LAND GRANTS IN THE SALINAS BASIN

Petitions for land and for the right to establish churches, kept in the Spanish Archives of New Mexico and the Archdiocese Archives of Santa Fe, record most of the sparse historical information concerning the settlements east of the Manzano Mountains. An examination of these records indicates that already established landowners in the Rio Grande valley frequently sponsored the resettlement efforts and became the official owners of the reclaimed land. Among these sponsors, or patrons, as they were called, were Bartolome Baca of Tomé and the Lucero family with lands in the same area. [45]
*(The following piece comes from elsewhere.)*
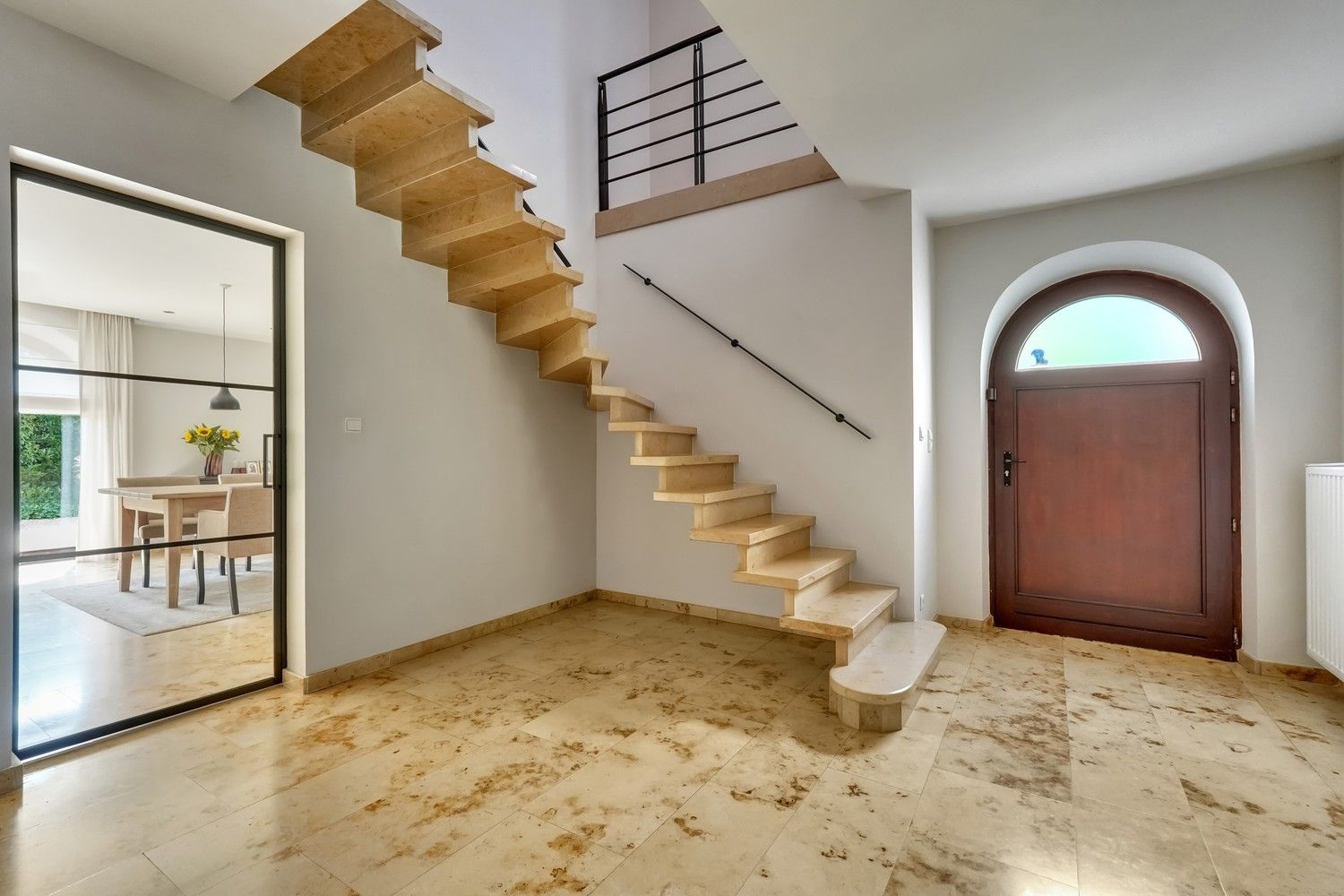 Uitstekend gelegen, gerenoveerde villa op 10a foto 25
Captain Bartolome Baca requested a grant of land in the Salinas Basin in 1819. This land, known as the Torreon Grant (not to be confused with the Torreon Community Grant made in 1841), was the first official permanent Spanish presence east of the Manzanos since the abandonment of the Jurisdiction in 1673. Baca established a ranch on the land and pastured sheep, cattle, and horses there. [46] While Baca himself lived in Tomé, the ranch was run and protected by resident herders. Ranch headquarters was at Torreon Springs, where Joseph Nieto's estancia stood from 1650 to 1680 and near the present town of Torreon. The name "Torreon," meaning "fortified building" or "tower," was already associated with the area when Baca petitioned for title to the tract, and may indicate that recognizable traces of Nieto's buildings still stood. [47]

Baca's ranch served to encourage and support other efforts at colonization nearby. Baca was governor of the Province of New Mexico from 1823 to 1825 and an influential landowner for most of the first three decades of the nineteenth century. The development of the nearby settlement of Manzano depended on Baca's support both directly and indirectly. He actively encouraged the other colonization efforts around his Torreon Grant. At the same time, he employed a number of the people who were settling in the area of the ruins of the Zalazar estancia, soon to become the town of Manzano.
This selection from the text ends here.